Johnson et al. provide documentation on how to train your own neural style transfer models on their official GitHub page.
Finally, it’s also worth noting that that in Ulyanov et al.’s 2017 publication, Instance Normalization: The Missing Ingredient for Fast Stylization, it was found that swapping batch normalization for instance normalization (and applying instance normalization at both training and testing), leads to even faster real-time performance and arguably more aesthetically pleasing results as well.
Python implementation
There are many implementations of this algorithm on the web. I started from the code I extracted from this tutorial because it only depends open python3 and opencv-python. There are other feature-rich and fast implementations that use pytorch and cuda, but I experienced some installation issues and, for this reason, I temporarily gave up.
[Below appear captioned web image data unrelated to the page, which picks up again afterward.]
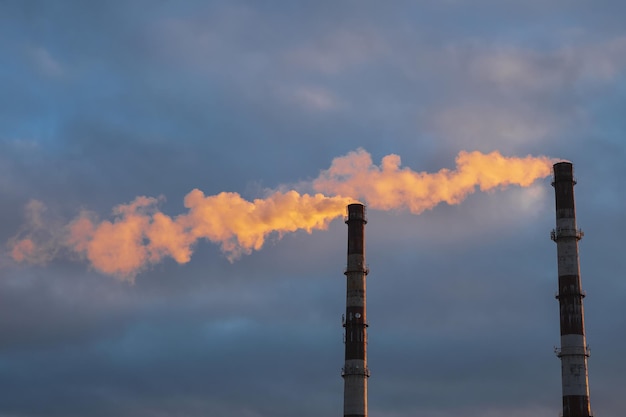 Chimenea De Una Central Térmica En Luz Vespertina, El Humo Extraído Por ...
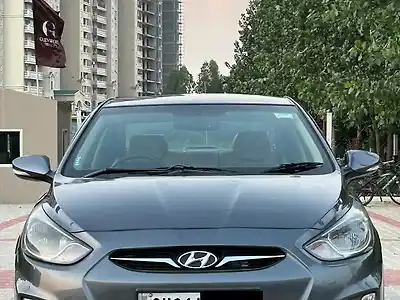 Second Hand हुंडई वरना फ़्लूइडीक 1.6 crdi sx in मोहाली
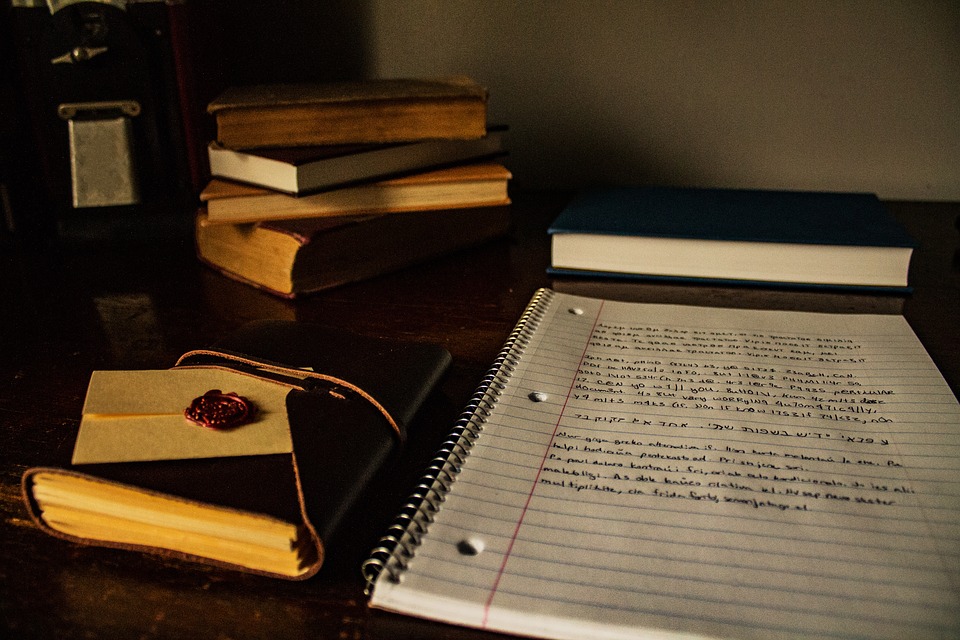 desk-2158142_960_720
To create the environment, I installed opencv-python package
pip3 install opencv-python
Then I simply executed the code extracted from the tutorial on a sample image. The first think to do, is to download the model and norms from Johnson web pages
python3 init.py --download
The style transfer can now be tested on a sample image
python3 init.py --image ./image.jpg
To run a real-time style transfer on the video captured by the camera, simply run
python3 init.py
Emotion settings
Next part of the project is to create controls the use will adjust according to his or her feelings at the moment the picture was taken
I implemented a control panel in PyQt. The control panel includes a push button to save the picture and six sliders, one for each of the following base feelings
- fear
- sadness
- surprise
- happiness
- disgust
- anger
Each basic feeling will be associated to a certain style and the percentage associated to each feelings will be use to make a weighted composition of styles to apply to the original image.
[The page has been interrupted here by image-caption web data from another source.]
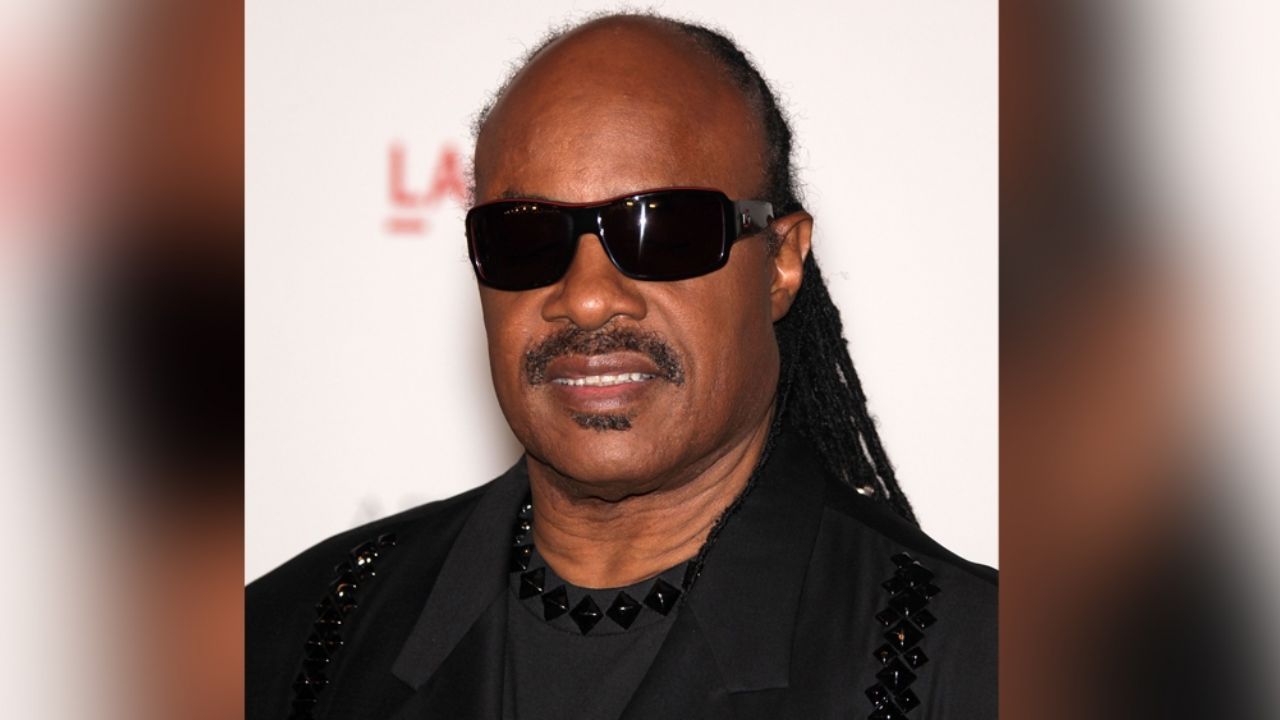 Stevie Wonder celebra 70 años y fans lo festejan al recordar homenaje de Beyoncé
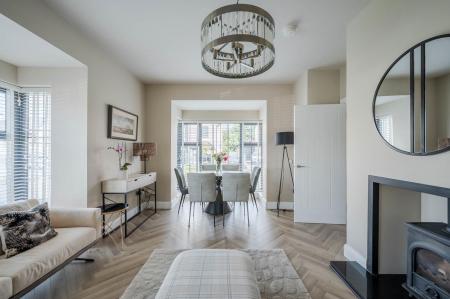 10 Bracken Hill Square_10.jpg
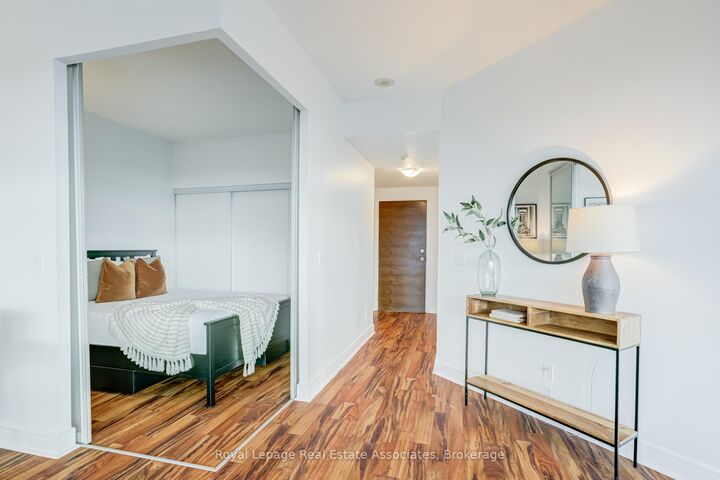 Property Photo: 35 Brian Peck Crescent Lph21 ON M4G 0A5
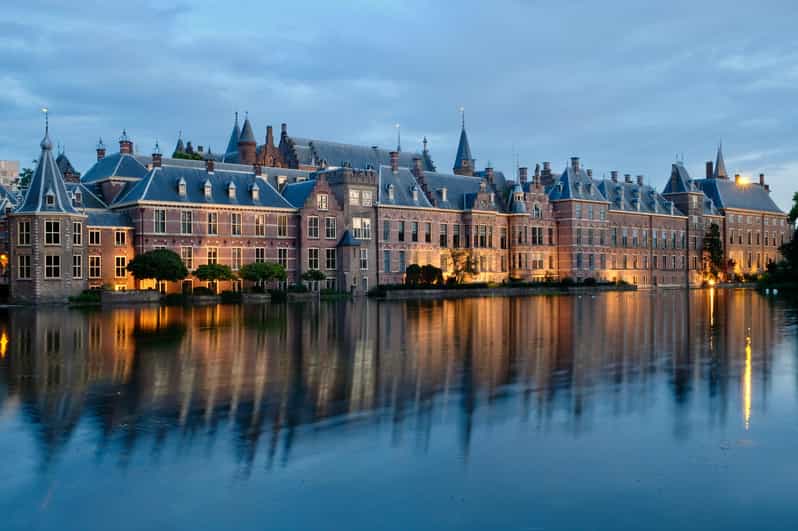 The Hague: City Walking Tour - Following the Hofvijver beside the seat of power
Control panel updates a file on the Raspberry Pi's file system whenever one of the sliders value changes. The file is the read by the style transfer application
The algorithm to mix styles is implemented in function predict_all. Here we re-scale the percentages of each style and create an array of weights to apply to each image generated by the style transfer
def predict_all(img, values, h, w): blob = cv.dnn.blobFromImage(img, 1.0, (w, h), (meanX, meanY, meanZ), swapRB=False, crop=False) sum = 0 for value in values: sum += value if sum == 0: return weights = [] for value in values: weights.append(value / sum) num_models = 0 for i in range(0, len(nets)): if weights[i] != 0: net = nets[i] print ("[INFO] Applying model " + str(i) + ", weight: " + str(weights[i])) if num_models == 0: out = predict(blob, net, h, w) * weights[i] else: out += predict(blob, net, h, w) * weights[i] num_models = num_models + 1 return out
The output of the predict_all function is then visualized by means of the OpenCV's imshow function
Sharing pictures
My initial plan was to install either a PiMoroni Enviro or a PiMoroni Automation hat to get some feedback from the environment that could have been "merged" into the picture, but there was some mechanical issues with the supports of the plexyglass case. So for the moment I put this feature in standby and I implemented instead the ability to send picture to your Telegram account. To make your Emoticam talk with you Telegram account, follow these steps
- Search for a Telegram contact named "botfather"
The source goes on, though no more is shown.